How do I get the network_add_nodes command to work? Why is it so complicated?

You need to follow the instructions in the “Accessing restricted API’s” section to allow a username/password access to the network_node API. Then you need to pass the username/password to the cli_wallet on the command line or in a config file.

It’s set up this way so that the default configuration is secure even if the RPC port is publicly accessible. It’s fine if your witness_node allows the general public to query the database or broadcast transactions (in fact, this is how the hosted web UI works). It’s less fine if your witness_node allows the general public to control which p2p nodes it’s connecting to. Therefore the API to add p2p connections needs to be set up with proper access control.

Is there a way to access methods which require login over HTTP?

No. Login is inherently a stateful process (logging in changes what the server will do for certain requests, that’s kind of the point of having it). If you need to track state across HTTP RPC calls, you must maintain a session across multiple connections. This is a famous source of security vulnerabilities for HTTP applications. Additionally, HTTP is not really designed for “server push” notifications, and we would have to figure out a way to queue notifications for a polling client.

Websockets solves all these problems. If you need to access Graphene’s stateful methods, you need to use Websockets.

Is there a way to allow external program to drive cli_wallet via websocket, JSONRPC, or HTTP?

Yes. External programs may connect to the CLI wallet and make its calls over a websockets API. To do this, run the wallet in server mode, i.e. cli_wallet -s “127.0.0.1:9999” and then have the external program connect to it over the specified port (in this example, port 9999).

Is there a way to generate help with parameter names and method descriptions?

Yes. Documentation of the code base, including APIs, can be generated using Doxygen. Simply run doxygen in this directory.

If both Doxygen and perl are available in your build environment, the CLI wallet’s help and gethelp commands will display help generated from the doxygen documentation.

If your CLI wallet’s help command displays descriptions without parameter names like signed_transaction transfer(string, string, string, string, string, bool) it means CMake was unable to find Doxygen or perl during configuration. If found, the output should look like this: signed_transaction transfer(string from, string to, string amount, string asset_symbol, string memo, bool broadcast)

What is the meaning of a.b.c numbers?

The first number specifies the space. Space 1 is for protocol objects, 2 is for implementation objects. Protocol space objects can appear on the wire, for example in the binary form of transactions. Implementation space objects cannot appear on the wire and solely exist for implementation purposes, such as optimization or internal bookkeeping.

The second number specifies the type. The type of the object determines what fields it has. For a complete list of type ID’s, see enum object_type and enum impl_object_type in types.hpp.

The third number specifies the instance. The instance of the object is different for each individual object.

The answer to the previous question was really confusing. Can you make it clearer?

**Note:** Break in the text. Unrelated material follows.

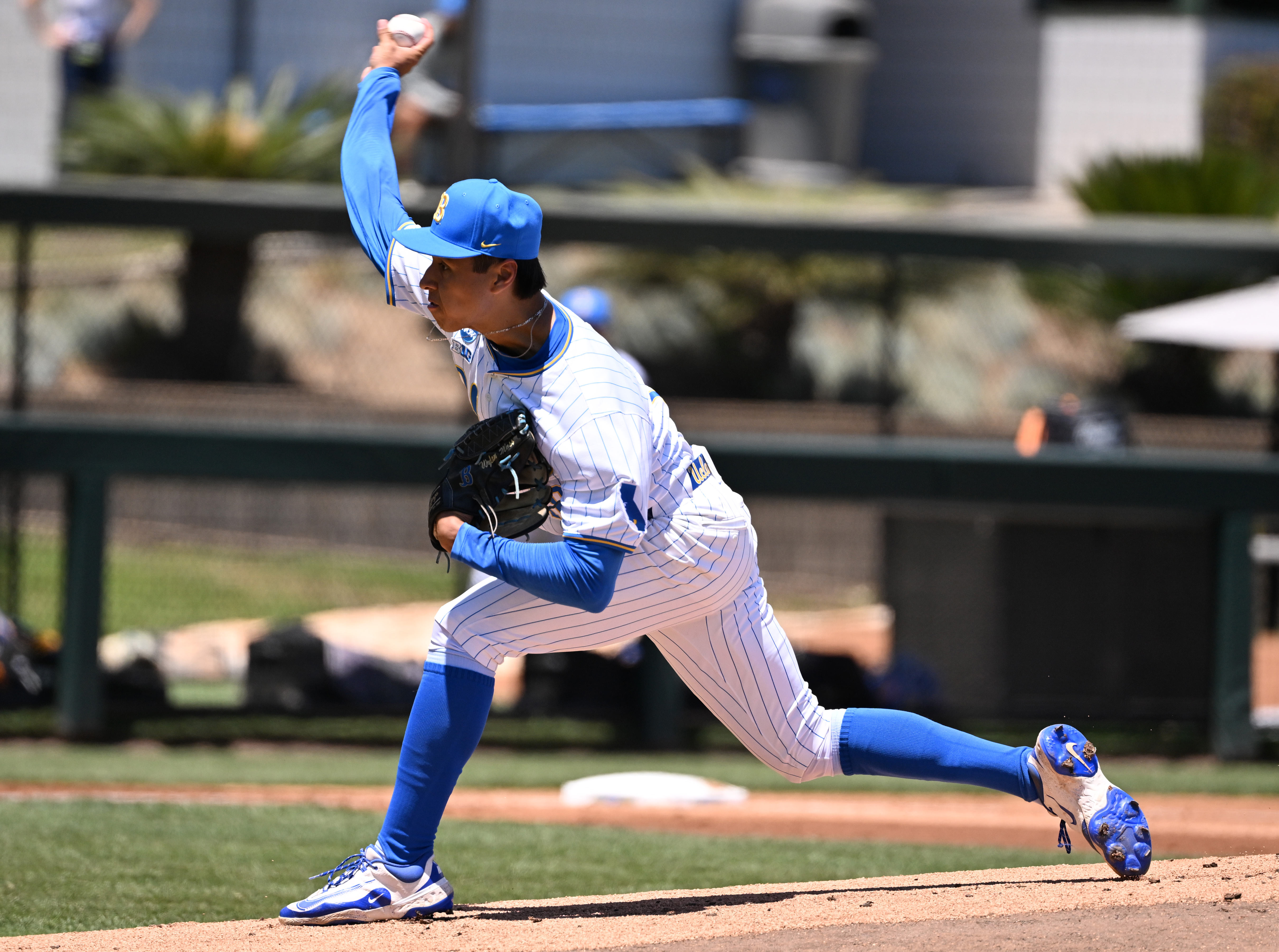 Starting pitcher Wylan Moss #18 of the UCLA Bruins throws...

All account ID’s are of the form 1.2.x. If you were the 9735th account to be registered, your account’s ID will be 1.2.9735. Account 0 is special (it’s the “committee account,” which is controlled by the committee members and has a few abilities and restrictions other accounts do not).

All asset ID’s are of the form 1.3.x. If you were the 29th asset to be registered, your asset’s ID will be 1.3.29. Asset 0 is special (it’s LLC, which is considered the “core asset”).

The first and second number together identify the kind of thing you’re talking about (1.2 for accounts, 1.3 for assets). The third number identifies the particular thing.